_Data provided_.
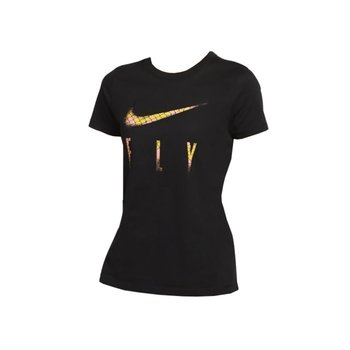 Damska Koszulka Nike Swoosh Fly WMNS T-shirt- DN3048-010-XS - Nike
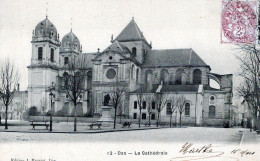Delcampe - DAX (40) - La Cathédrale - CPA - Circulée 1904 - Dax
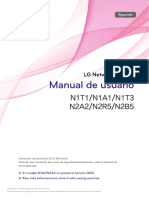 Spanish NAS Total Manual For New UI Upgrade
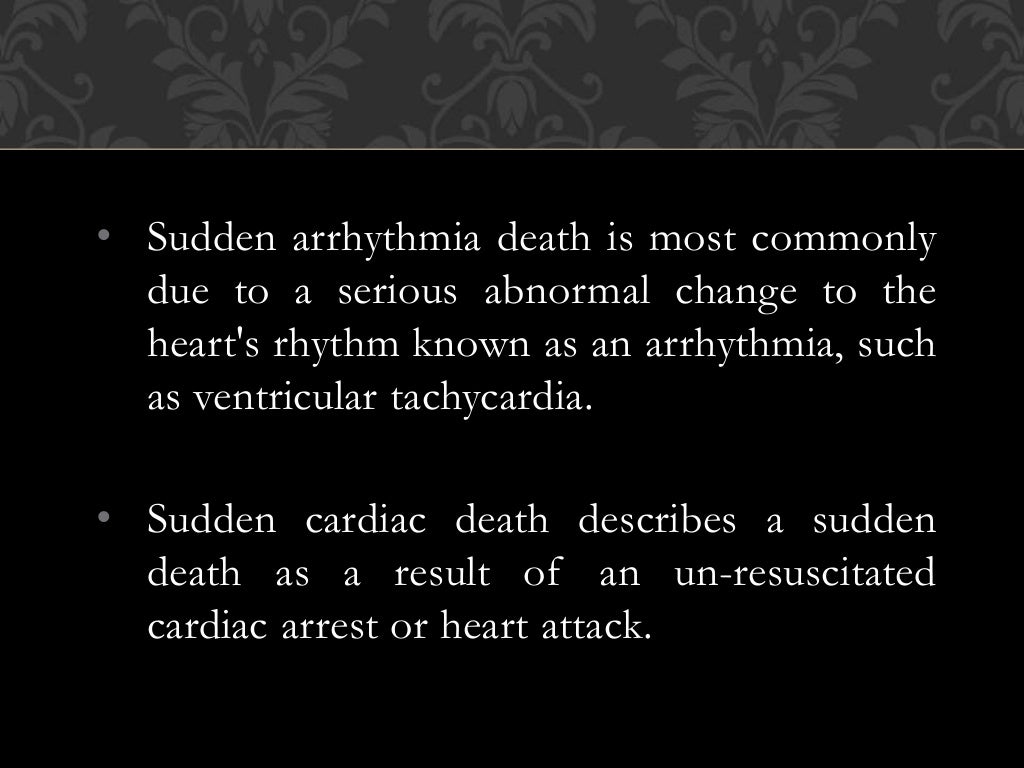 Sudden Death Syndrome
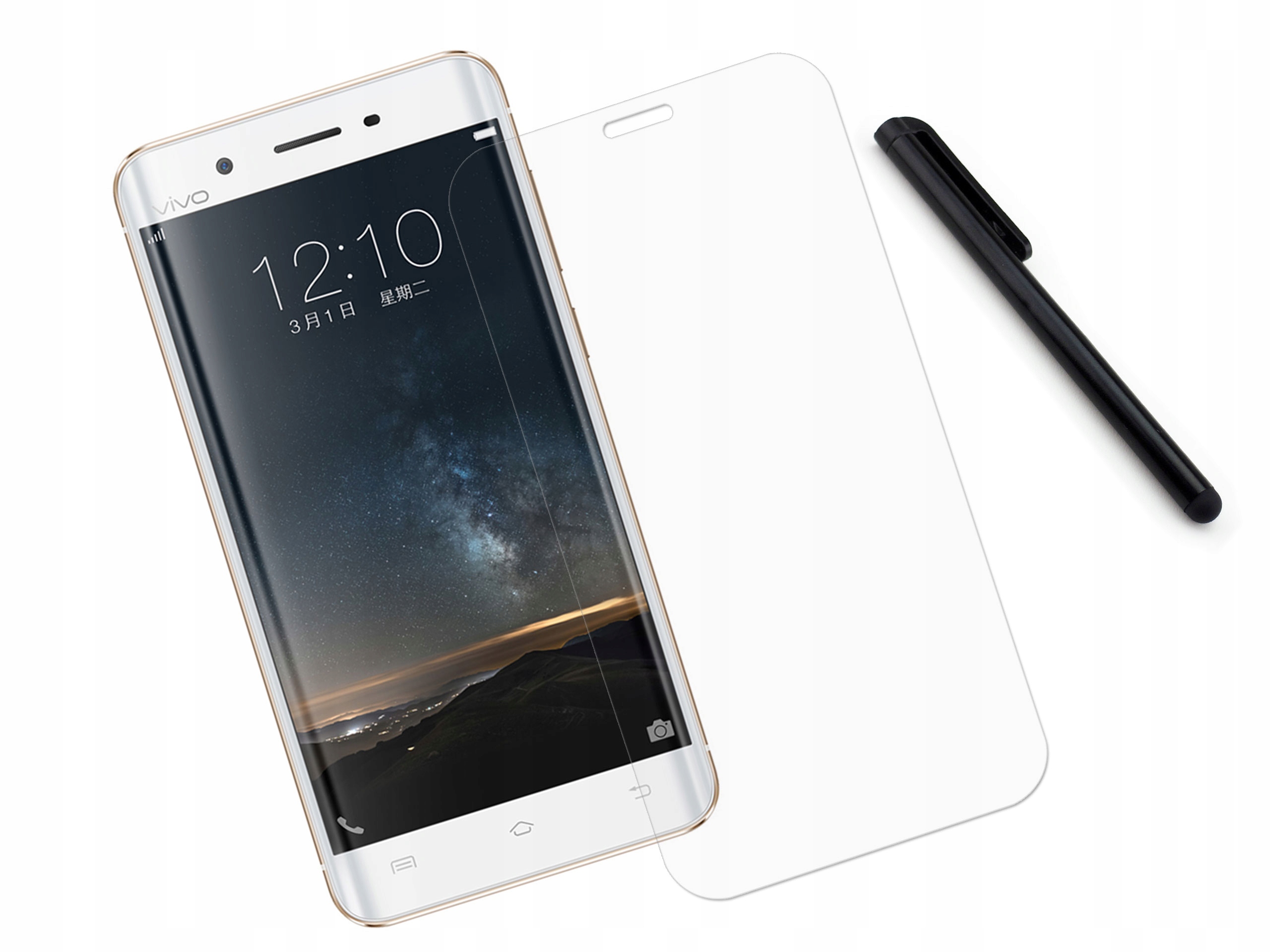 

Szkło ochronne 3D 9H Vivo Xplay 5 Transparentne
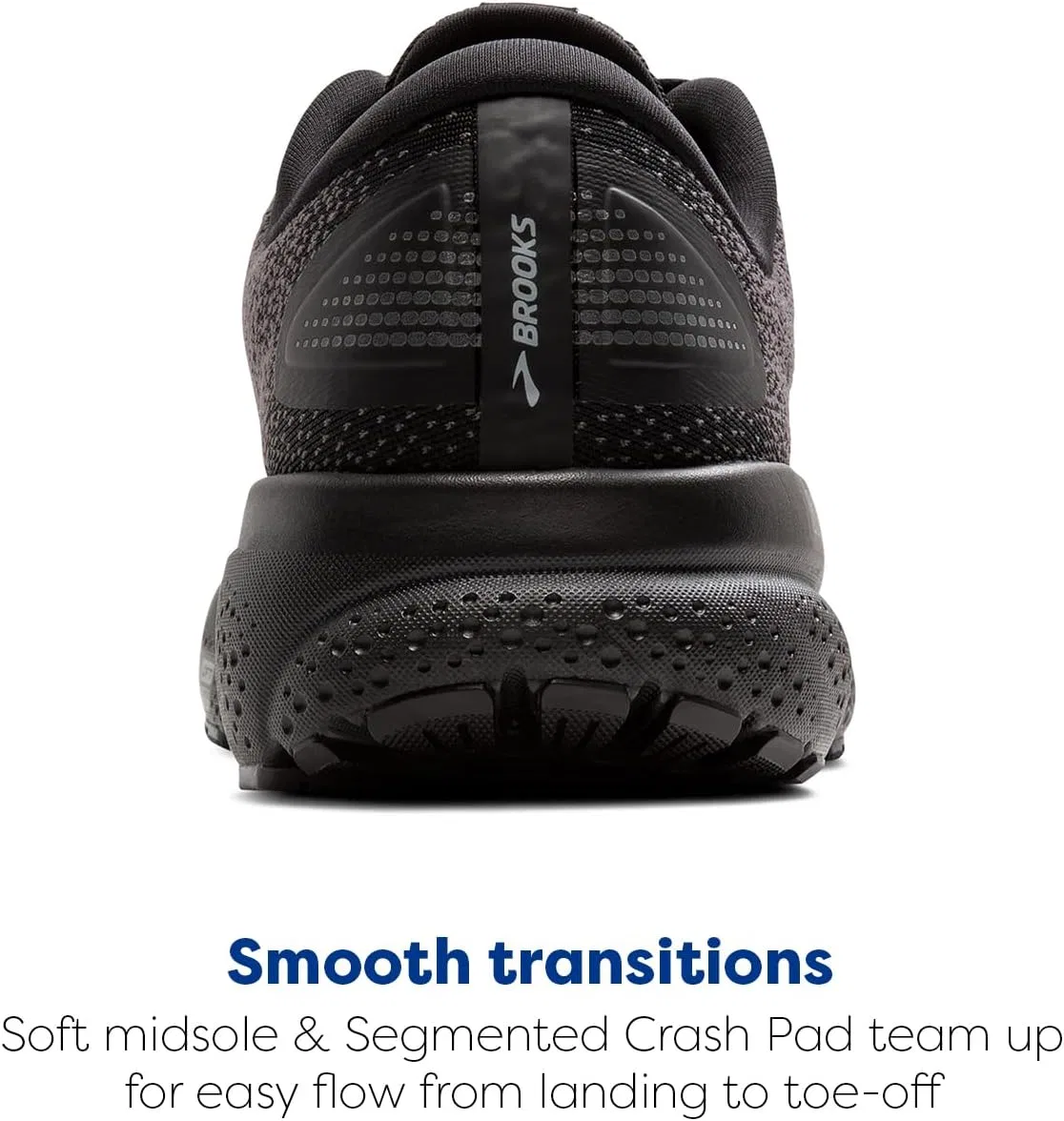 Мужские кроссовки Brooks Ghost 16 GTX, черный — фото 3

_Description of the task_. Because pictures are not wanted, give every entry above again exactly without them.

_Response_.
 Damska Koszulka Nike Swoosh Fly WMNS T-shirt- DN3048-010-XS - Nike
Delcampe - DAX (40) - La Cathédrale - CPA - Circulée 1904 - Dax
 Spanish NAS Total Manual For New UI Upgrade
 Sudden Death Syndrome

Szkło ochronne 3D 9H Vivo Xplay 5 Transparentne
 Мужские кроссовки Brooks Ghost 16 GTX, черный — фото 3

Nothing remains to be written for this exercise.